Alien landing strips or human expression?Jun. 4, 2009, 3:22 PM
The Nazca Lines are an enigma. The strange geometric shapes and animals carved into the land were first spotted in the Peruvian desert south of Lima in the 1930s when commercial airlines began flying over them.
No one has proof of who built them or why. Since their discovery, the Nazca Lines have inspired fantastic explanations ranging from monuments honoring ancient gods to a landing strip for alien spacecraft to a celestial calendar created by the ancient Nazca civilization.
Anthony Aveni, a pioneer in the field of archaeoastronomy, particularly the astronomical history of Latin America, will present an illustrated lecture about the Nazca Lines on Monday, June 15, at 7:30 p.m. at the Vanderbilt Dyer Observatory library. The lecture is free and open to the public, but space is limited. Reservations should be made by June 10 to Cindy Graham at firstname.lastname@example.org or 343-1790.
Aveni, the Russell Colgate Professor of Astronomy and Anthropology at Colgate University, will review a number of seemingly diverse hypotheses relating to the origins of the Nazca lines and put them to the test by the examination of relevant evidence derived from remains in the area.
The lecture is part of the Archaoeastronomy Summer Institute for teachers sponsored by Vanderbilt University’s Center for Latin American Studies and Vanderbilt Dyer Observatory.
Aveni helped develop the field of archaeoastronomy and now is considered one of the founders of Mesoamerican archaeoastronomy, in particular for his research in the astronomical history of the Aztec and Maya of ancient Mexico.
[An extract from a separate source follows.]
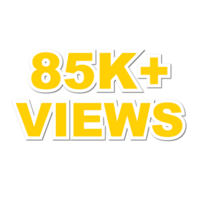 80k Views, 80k Views Png, 80k Views Celebration, png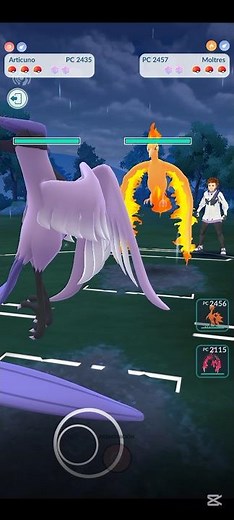 💥Articuno de Galar Vs Moltres, PVP Batalla de Aves Legendarias en Pokémon Go💥 #Pokemongo #pokémon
Aveni has spoken or written on astronomy-related subjects on the Learning Channel, the Discovery Channel, “Nova,” the New York Times, Newsweek, USA Today, NPR, “The Larry King Show,” NBC’s “Today Show” and “Unsolved Mysteries,” and has lectured in more than 300 universities around the world. Aveni is the editor/author of more than two dozen books on ancient astronomy, including his upcoming book The End of Time: The Maya Mystery of 2012.
A video of Aveni’s lecture will be archived online at www.vanderbilt.edu/news several days following the event.